Guess who's also running?, cont. (Updated)

Reina Sequera is back: You'll get a million dollars! And You Get A Car...
Reina Sequera is back: You’ll get a million dollars! And you’ll get a million dollars! Everybody will get a million dollars!

As you know, I have an obsession with no-hoper candidates in Venezuelan politics, and a slew of them have registered for the April 14th vote. One of them is Reina Sequera of Poder Laboral, who became famous for her looney-tunes proposal to distribute $1 million to every man, woman and child in the country.

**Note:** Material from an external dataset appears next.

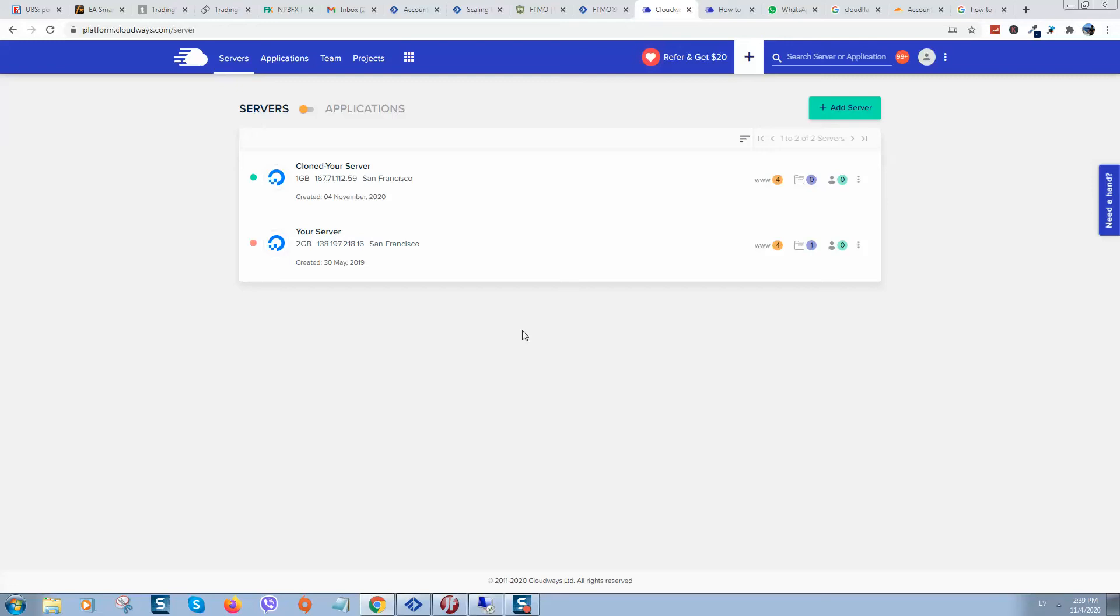You can clone it and you'll have the option to select how much you would like to spend on this server. In this example I was paying for two gigabits and now I have cloned this server and now I'll pay only one gigabit.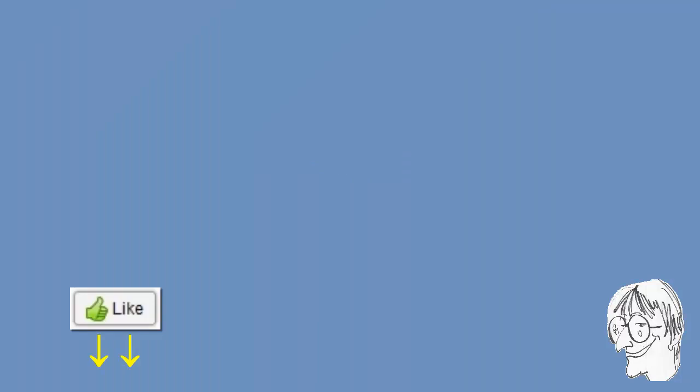Thank you for watching, do hit the like button if you found this video useful, subscribe to my channel for more similar content, and see you in the next video.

She got 70.567 votes in October 7th, in third place. Most of her votes were from Unidad Democrática, a small party that switched its support from Henrique Capriles Radonski to Sequera at the last minute, even if HCR’s face was still on the ballot.

Also in the running is a Christian pastor named Eusebio Méndez, who is representing an evangelical-oriented party named NUVIPA (New Vision For My Country). He’s now part of a chain of evangelical temples called Federation of the Christian Center of the Nations (CCN). No further details about him yet, but you can look his governing platform here.

In the previous election there was another evangelical candidate Luis Reyes Bolivar, who came in fourth. He won’t run but instead he endorsed Nicolás Maduro. Other minor candidates include Fredy Tabarquino (JOVEN), Gonzalo Contreras (Cambio Pana) and Julio Mora (Udemo). 7-O’s last place holder Orlando Chirino won’t be on the ballot.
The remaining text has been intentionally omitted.